Halloween, otherwise known as the Orgy of Crappy Candy, is upon us! My “Charlie of Charlie’s Angels” costume is ready (you never see him, so the costume largely consists of an old school speakerphone “helmet.”) Whatever you’re doing, stay safe and nom noms.
Indulgences are often sticky. Discuss.
Candy is delightful. People giving you candy for wearing a costume is pretty much the best thing ever. I’m not sure when the “Erotic Ball” business started, but I suppose it’s a grown-up take on the practice of indulging in things while wearing a silly costume. I digress, and what’s more I can no longer encourage you to be safe and use glow sticks, because ew.
THE POINT IS, if you have children, you’re going to have a lot of candy in the house.

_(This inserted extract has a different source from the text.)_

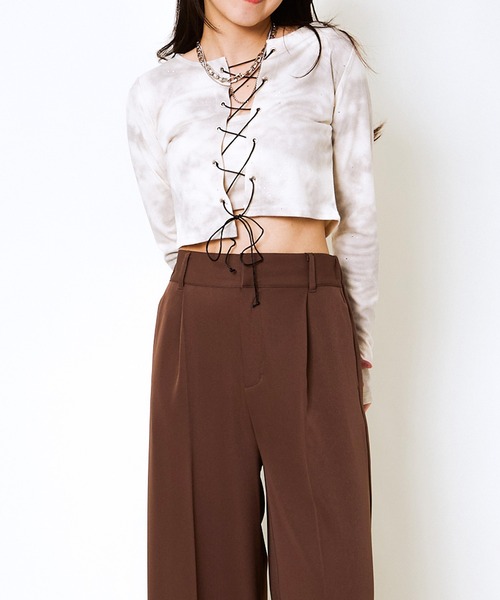 セール】《編み上げ×ラメアクセント》レディース クロップドトップス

Luckily, HuffPo Taste has gathered together a bushel of recipes that utilize things that your kids have harvested.
Is there any point at which this man is not boring?
Mitt Romney’s favorite meatloaf recently appeared on his wife’s corner of the web. The recipe linked above is an adaptation, but I’ll note that a fresh bread crumb can do wonders for a meatloaf. This is the kind of rustic, down-home life that Mitt lived when he only made six figures.
Portland’s restaurants turn chicken
One thing I can do is poultry. If a bird and an oven/bbq/elaborate array of mirrors is involved, I can get a good (perhaps even excellent) result. So I was delighted to see that MIX Magazine was giving the humble roasted chicken it’s due. Learn where to go to get their favorite roasted chicken dishes.
This has nothing to do with food, per se…
…but if you’re into seasonal desktop wallpapers you could do a lot worse than Smashing Mag’s monthly offering. A lot of turkey & cornucopia themed delights are there for the taking.